Validate Transport Support For Bidirectional Streaming#717
Conversation
Most Python HTTP clients cannot read response data while the request body is still being written, so bidirectional event stream operations fail mid-stream with an opaque connection error. Transports must now opt in by setting SUPPORTS_DUPLEX_STREAMING to True, and RequestPipeline.duplex_stream fails fast with UnsupportedTransportError when the configured transport does not declare support. AWSCRTHTTPClient and MockHTTPClient declare support; AIOHTTPClient explicitly does not.
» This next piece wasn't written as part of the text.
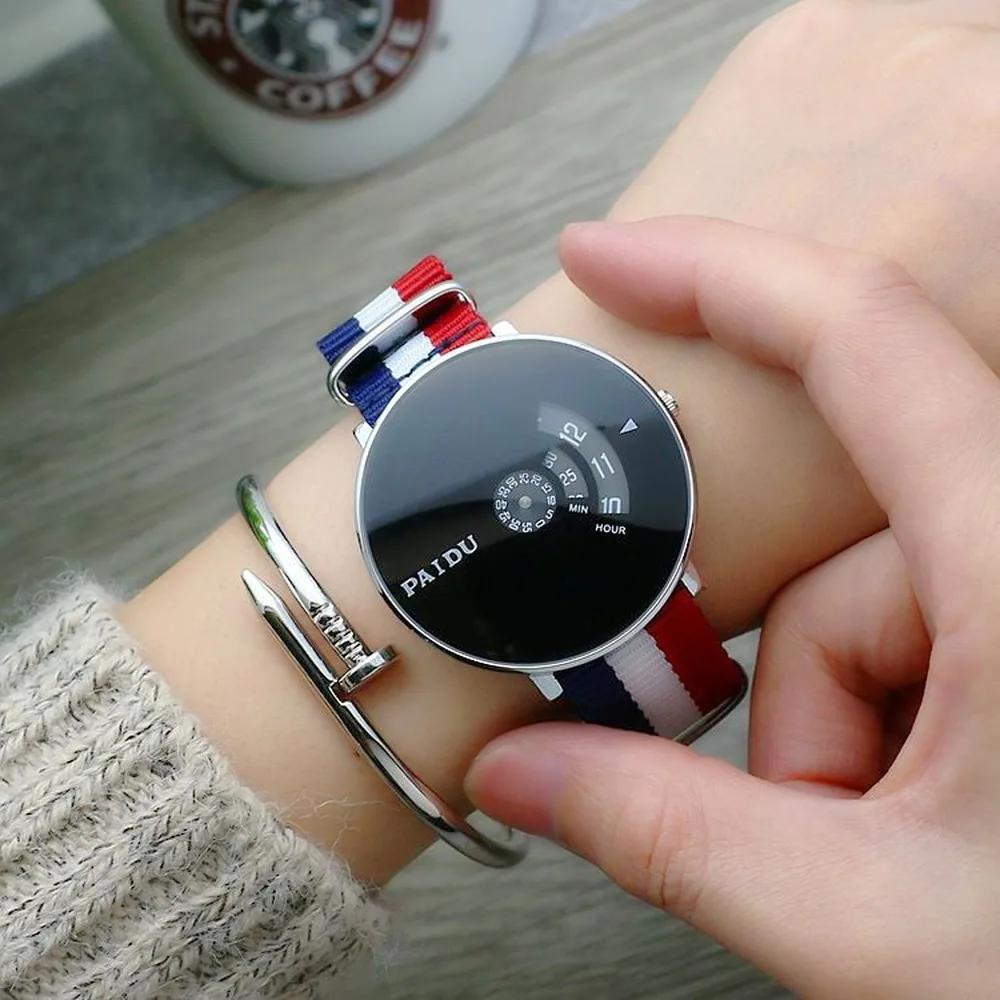 High Quality New Concept Quartz Watch Analog Punk Style Men and Women Personality Design Movement Wristwatch Christmas Gift
High Quality New Concept Quartz Watch Analog Punk Style Men and Women Personality Design Movement Wristwatch Christmas Gift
There was a problem hiding this comment.
Non-blocking: We should definitely look at making a shared testing harness to wire up these mocks rather than needing to create them all inline. I can see cases where we need to test pipeline behavior in the future and will need to recreate this all over again. Doesn't block this PR but something we should consider soon.
| """ | ||
| # The transport is assumed not to support duplex streaming unless it | ||
| # explicitly declares otherwise. | ||
| if not getattr(self.transport, "SUPPORTS_DUPLEX_STREAMING", False): |
There was a problem hiding this comment.
This is interesting - it's kind of a blind "set this attribute". Is there a reason we aren't just adding this as a default on the HTTPClient class? Or ifwe don't want to tie it to HTTP, the ClientTransport protocol?
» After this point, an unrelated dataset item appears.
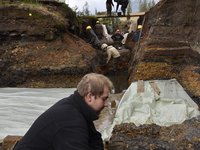 Grabungsarbeiten durch Archäologen.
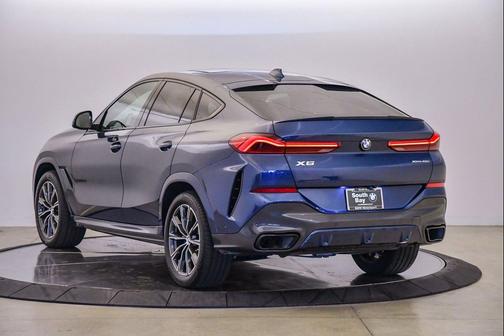 2022 BMW X6 xDrive40i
Adding a default makes more sense to me than doing a getattr call. What do you think?
See the python docs for an example of how to do this (look at the value key in the second example)
There was a problem hiding this comment.
This PR does add the default on ClientTransport. I kept the getattr(..., False) intentionally because ClientTransport is a structural Protocol, so Python does not enforce that custom transports actually inherit the protocol or have the new attribute at runtime. Existing transports may satisfy the old transport shape but not define SUPPORTS_DUPLEX_STREAMING. In that case, missing should mean unsupported, and we still want to raise UnsupportedTransportError rather than AttributeError.
Overview
Problem
Only the AWS CRT HTTP client can perform true bidirectional (duplex) streaming in the Python ecosystem, since interleaving request and response data in practice requires HTTP/2. Code generation already defaults services with event streams to
AWSCRTHTTPClient, but nothing stops a user from overridingconfig.transportwithAIOHTTPClientor a custom transport that can't do this. When they then invoke a bidirectional operation, the request is sent and the stream appears to hang until it eventually dies with an error such as:smithy_core.exceptions.SmithyError: Server disconnectedNothing in that error points at the actual problem (the configured transport), so this is painful to debug.
Solution
This PR makes duplex support an explicit, opt-in transport capability. A new
SUPPORTS_DUPLEX_STREAMINGclass attribute onClientTransportdefaults toFalse, andRequestPipeline.duplex_streamnow fails fast with an actionableUnsupportedTransportErrorbefore any request work happens.AWSCRTHTTPClientdeclares support,AIOHTTPClientexplicitly does not (it buffers the full response before returning and aiohttp has no HTTP/2 support).Example
Invoking a bidirectional operation with a non-duplex transport, with this PR:
Without this PR: the request is sent, the stream stalls, and eventually fails mid-stream with
SmithyError: Server disconnected.With this PR: the call fails immediately, before anything is sent:
Why opt-in rather than opt-out? A survey of the Python HTTP client landscape shows most clients cannot interleave request and response data, so absence of a declaration is treated as "not supported". The pipeline reads the attribute with
getattr(transport, "SUPPORTS_DUPLEX_STREAMING", False), so existing custom transports that predate the attribute keep working for everything except duplex operations, which were already broken for them.Why fail at call time instead of client construction? A non-duplex transport is perfectly valid for every other operation on the same client. The capability is only required when a duplex operation is actually invoked, so that is where validation happens.
By submitting this pull request, I confirm that you can use, modify, copy, and redistribute this contribution, under the terms of your choice.